Republican & Herald / regional press; the Wheel Restaurant
- September 30, 2017
The founder dies
Sava G. Logothetides, the family's founding restaurateur, dies at about 89; his wife Cleo Taylor Logothetides and son George S. Logothetides survive him.
Obituary of Sava G. Logothetides, Republican & Herald, Oct. 1, 2017, p. A12
- January 16, 2023
The Wheel closes Corroborated
The Wheel serves its last day.
Regional press, January 2023
- February 2023
Tres opens Corroborated
The family reopens the space as Tres — downtown Pottsville's only taco restaurant, serving "tacos, tapas and tequila" — with a ribbon-cutting, again under Savas Logothetides.
"Famed Pottsville Grilled Cheese Spot Rebrands as Tres," Coal Region Canary, Feb. 25, 2023
- 2025
Offered for sale
The four-story, roughly 9,600-square-foot mixed-use building (parcel 68-27-0348.000) is listed for sale with a fitted ground-floor restaurant, an "R" liquor license, and an upper-floor apartment.
Commercial real-estate listing, 201 W Market St, Pottsville (LoopNet, 2025)
Sources
- "Tearing Down [the] Lee Building" — Pottsville Daily Republican, July 14, 1909, p. 4 (via Newspapers.com, image 449784838) · 1909-07-14
License: publisher - "Cochran Will Occupy Lee Building" — Pottsville Republican, Nov. 12, 1909, p. 1 (via Newspapers.com, image 449789333) · 1909-11-12
License: publisher - "To Move East Penn Offices" — Pottsville Republican, June 14, 1929, p. 1 (via Newspapers.com, image 449787056) · 1929-06-14
License: publisher - Post-office parcel-post annex — Pottsville Republican, Dec. 11, 1936, p. 17 (via Newspapers.com, image 450245750) · 1936-12-11
License: publisher - "Lee Building Sold" — Pottsville Republican, Sept. 16, 1969, p. 9 (via Newspapers.com, image 466489833) · 1969-09-16
License: publisher - Obituary of Sava G. Logothetides — Republican & Herald, Oct. 1, 2017, p.
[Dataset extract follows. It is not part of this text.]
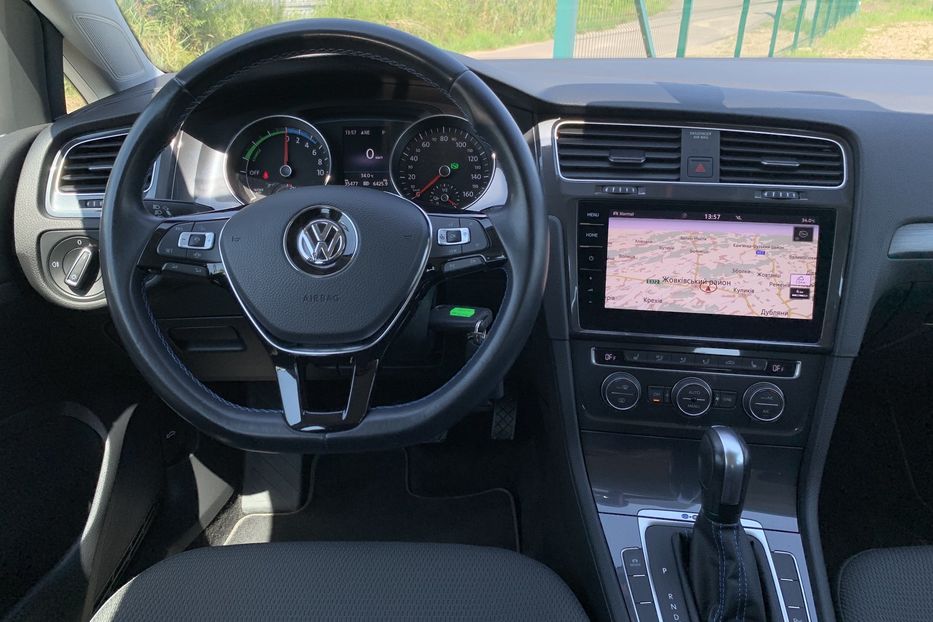 Продам Volkswagen e-Golf Адаптивний круїПідігрів сидінь 2020 года в Львове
A12 (via Newspapers.com, image 529493729) · 2017-10-01
License: publisher - George E. Thomas, "North Centre Street," SAH Archipedia (PA-02-SC15) — the Lee Building among Frank X. Reilly's Pottsville commercial buildings
License: reference - Pottsville Downtown Historic District — National Register of Historic Places nomination, listed 1982 (National Park Service / Living Places) · 1982
License: public-domain - Sanborn Fire Insurance Maps of Pottsville, Schuylkill Co., Pa. (Library of Congress, Geography & Map Division)
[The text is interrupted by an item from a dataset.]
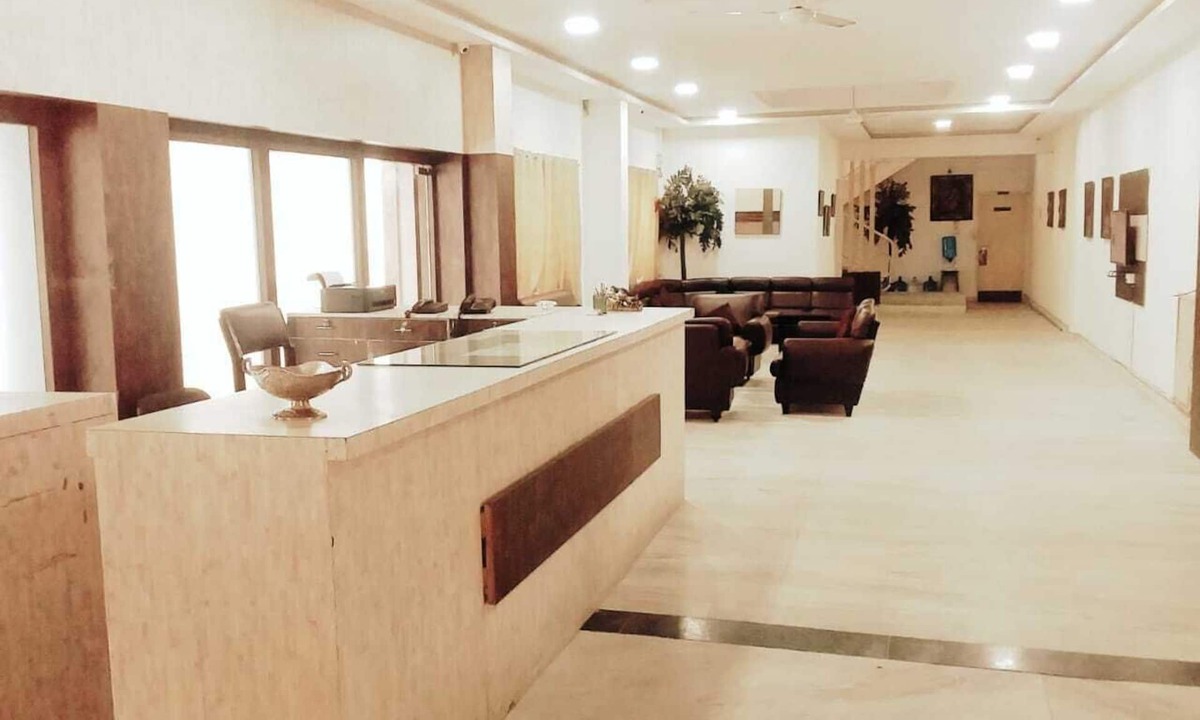 Secunderabad Cabin | Hotel Ranjit Residency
License: public-domain - Pottsville Downtown Historic District (NRHP, listed 1982) — Wikipedia
License: CC-BY-SA-4.0 - Commercial real-estate listing, 201 W Market St, Pottsville, PA (LoopNet, 2025) — parcel 68-27-0348.000; four stories; ~9,600 sq ft
License: publisher - "Famed Pottsville Grilled Cheese Spot Rebrands as Tres, City's Only Taco Restaurant" — Coal Region Canary, Feb. 25, 2023 · 2023-02-25
License: publisher - Tres Restaurant, Pottsville — 201 W. Market St.
License: publisher
Frequently asked
- What is the building at 201 West Market Street called?
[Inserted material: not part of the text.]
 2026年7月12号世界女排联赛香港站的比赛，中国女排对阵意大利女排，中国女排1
- It is the Lee Building, a four-story brick-and-terra-cotta commercial block built in 1909–10 at the corner of Second and Market streets in downtown Pottsville. The name comes from the Lee grocery store that occupied the earlier building on the same corner.
- Who designed it, and when was it built?
- The design is attributed to Frank X. Reilly, the Pottsville architect responsible for several of downtown's early-twentieth-century commercial blocks. The old building was razed in July 1909 and the new block was reported "completed" by November 1909; it is conventionally dated 1910.
- What businesses have occupied it?
- Over its life the Lee Building has housed a civil engineer's office (1909), a dentist (Dr. J. F. Flaig, 1910), a National Cash Register agency (1910s), the business offices of the East Penn trolley companies (into 1929), the Pennsylvania Power & Light Company (from 1929), and — after Sava Logothetides bought the building in 1969 — the family's "Famous" restaurant, reopened in 2016 as the grilled-cheese-famous Wheel and in 2023 as the taco restaurant Tres, since succeeded by another restaurant.
- Is it a historic landmark?
- It is a contributing building within the Pottsville Downtown Historic District, which was listed on the National Register of Historic Places in 1982 — a district listing rather than an individual one.